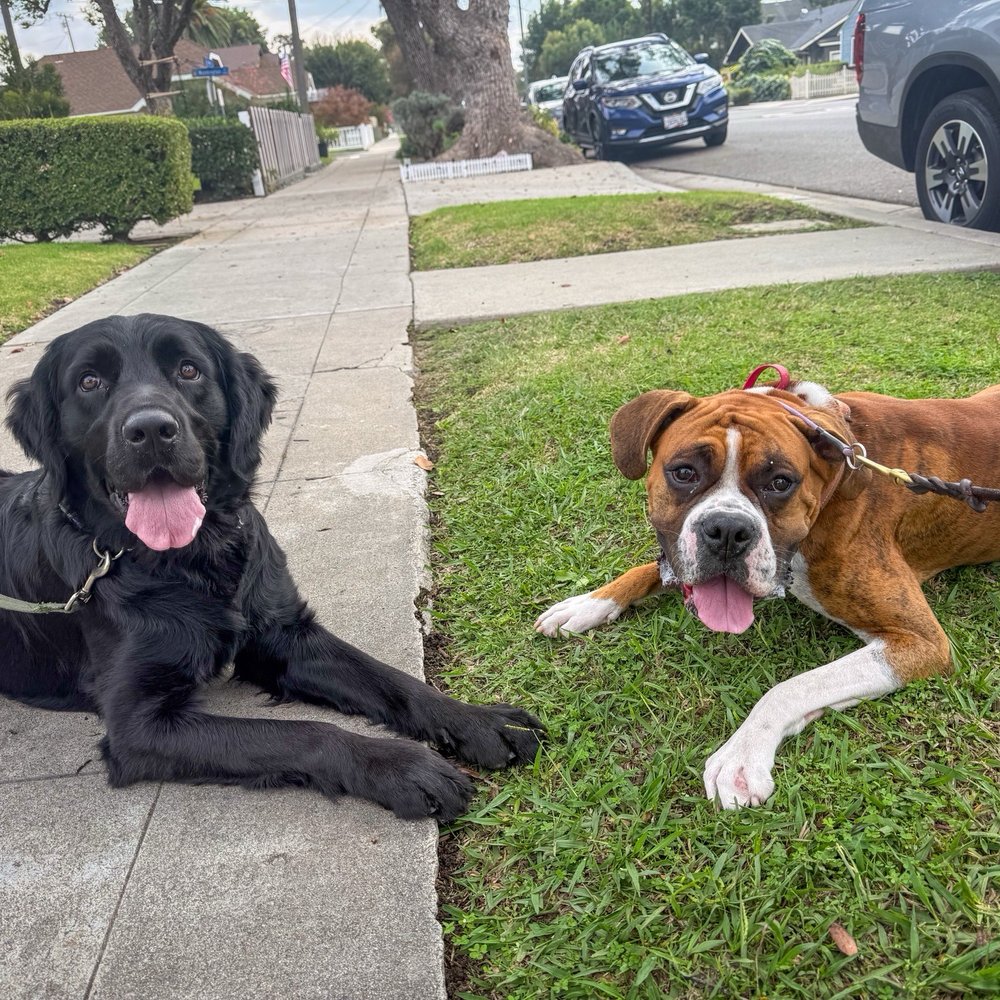 Walk'n Wag'n Pets - Dougie with his pal, Bentley. - Dog Walkers Near Me Walk'n Wag'n Pets - Dougie with his pal, Bentley. - Dog Walkers Near Me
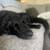 Dogwalker/Overnight Housesitting - Beloved dog & cat whisperer, is me! 2 thumbnail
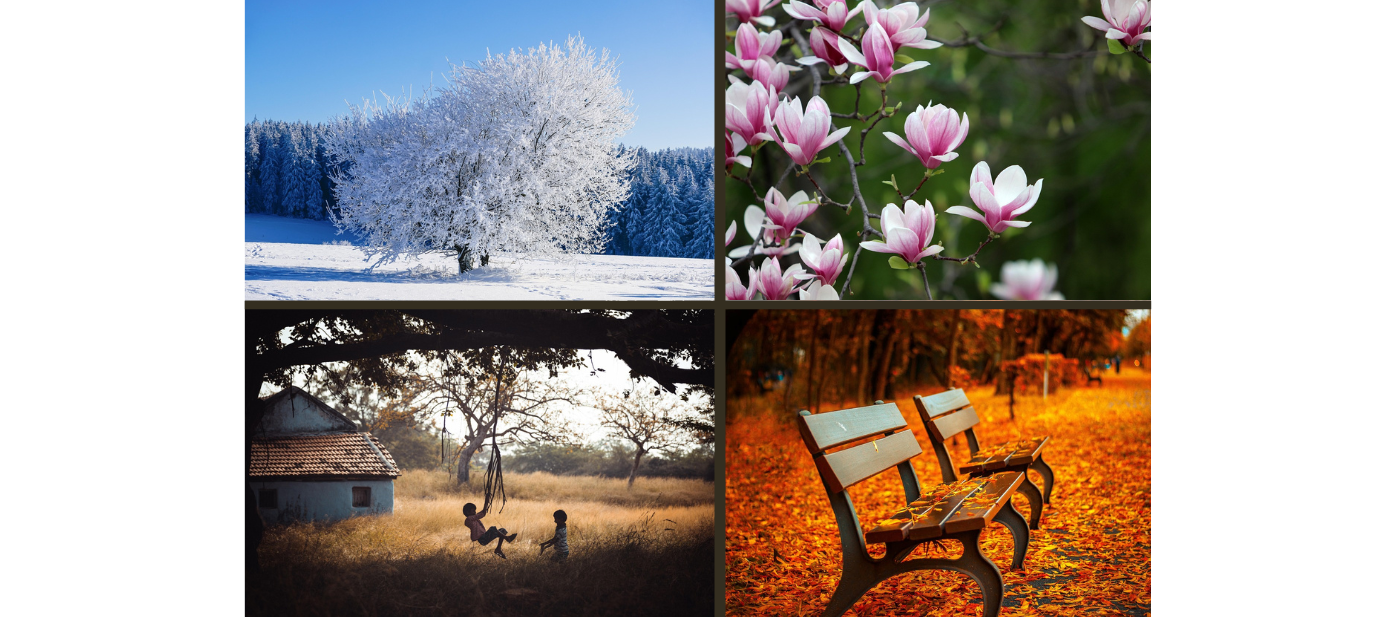 Seasonal Propagation Changes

**Exercise objective**:
Copy all of the data word for word, and keep the pictures out of it.

**Written response**:
 Walk'n Wag'n Pets - Dougie with his pal, Bentley. - Dog Walkers Near Me Walk'n Wag'n Pets - Dougie with his pal, Bentley. - Dog Walkers Near Me
 Dogwalker/Overnight Housesitting - Beloved dog & cat whisperer, is me! 2 thumbnail
 Seasonal Propagation Changes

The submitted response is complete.